De fait, les questionnements reviennent sur plusieurs grands axes distincts, mais mélangés au fil de l’entretien. Le premier concerne l’organisation labyrinthique de l’IMM. On comprend en effet que la White Star Line n’est qu’une marque incarnant la compagnie britannique Oceanic Steam Navigation Company, qui est elle-même une des parties du trust américain nommé International Mercantile Marine Company. Mais si celui-ci a un conseil d’administration partagé entre des représentants américains et britanniques, son président est Joseph Bruce Ismay, basé à Liverpool. Pour ne rien simplifier, celui-ci signe également souvent ses courriers au nom de la société fondée par son père, Ismay, Imrie & Co., que Franklin décrit comme n’étant plus qu’une marque, « coquille vide » appartenant à l’IMM. De l’ensemble, on comprend que le gros des décisions sur la gestion de la compagnie sont prises au Royaume-Uni, que les navires de la White Star sont britanniques, mais qu’une partie de l’activité commerciale est gérée depuis les États-Unis. En somme, l’affaire est complexe, ce qui ne facilite pas la tâche des sénateurs pour savoir ce qui dépend de leur juridiction.

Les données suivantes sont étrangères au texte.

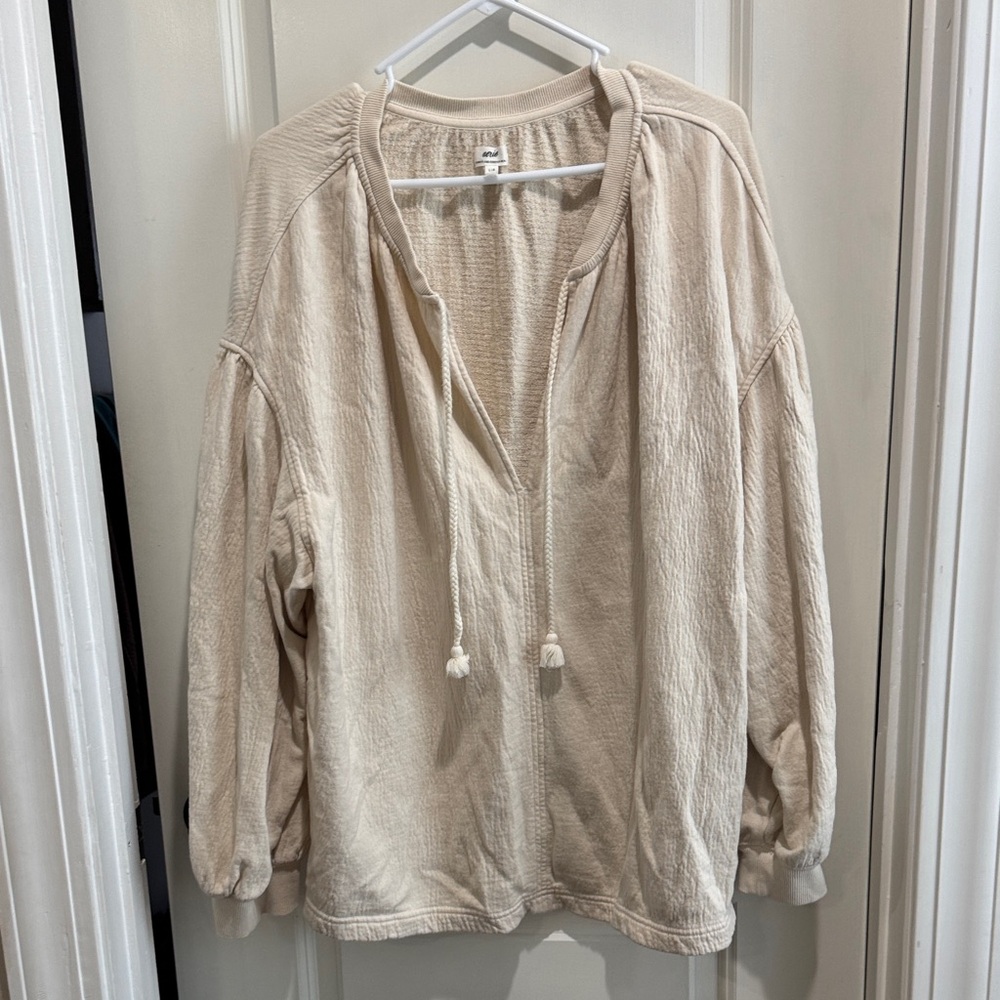aerie Cream Textured Pullover Hoodie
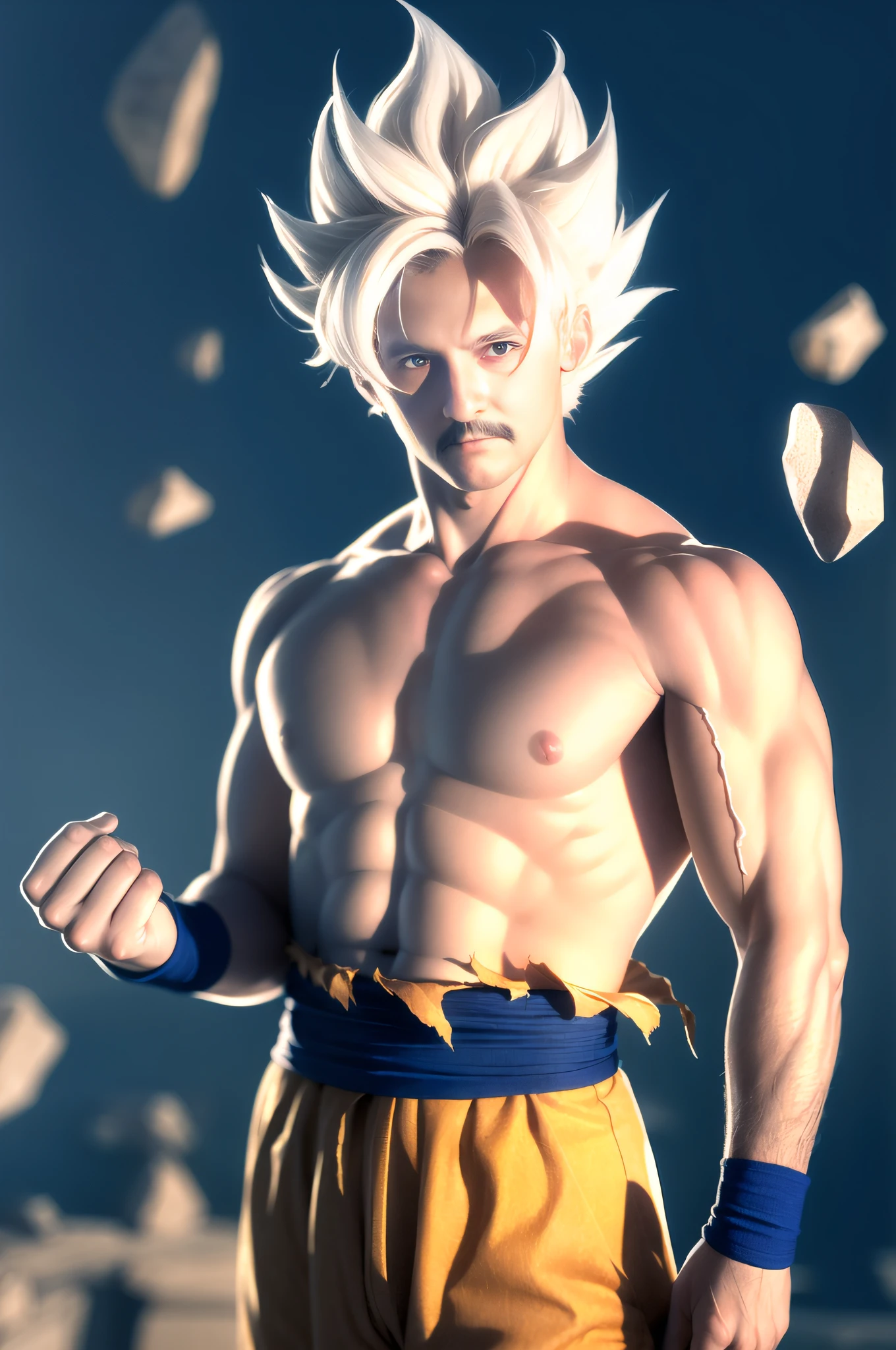 Yellow Saiyan Moustache, the color is equal as hair color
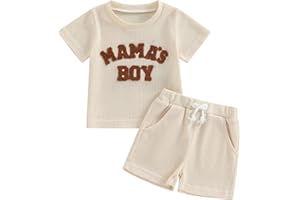 Blotona Embroidery Baby Boy Clothes Summer Short Sleeve Little Dude Print T-Shirt Tops Shorts Set Waffle Knit Outfit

Franklin est aussi régulièrement questionné sur des questions liées à la sécurité des navires : comment sont-ils compartimentés ? Ont-ils des projecteurs de recherche ? Quelles précautions ont été prises, ou devraient être prises ? Sur tous ces points, Franklin reste sur la défensive et affirme son incompétence. Il faudrait, affirme-t-il, solliciter des experts, car son propre avis est bien insuffisant. Par exemple, sur la question de l’utilité de projecteurs de recherche, Franklin ne veut se prononcer, et renvoie aux experts et praticiens, expliquant que, de ce qu’il comprend, la lumière pourrait être utile, ou nuire à la vision nocturne des officiers. Il renvoie également aux constructeurs, en affirmant à plusieurs reprises que la compagnie mettra à disposition des enquêteurs tout ce qui est en sa possession.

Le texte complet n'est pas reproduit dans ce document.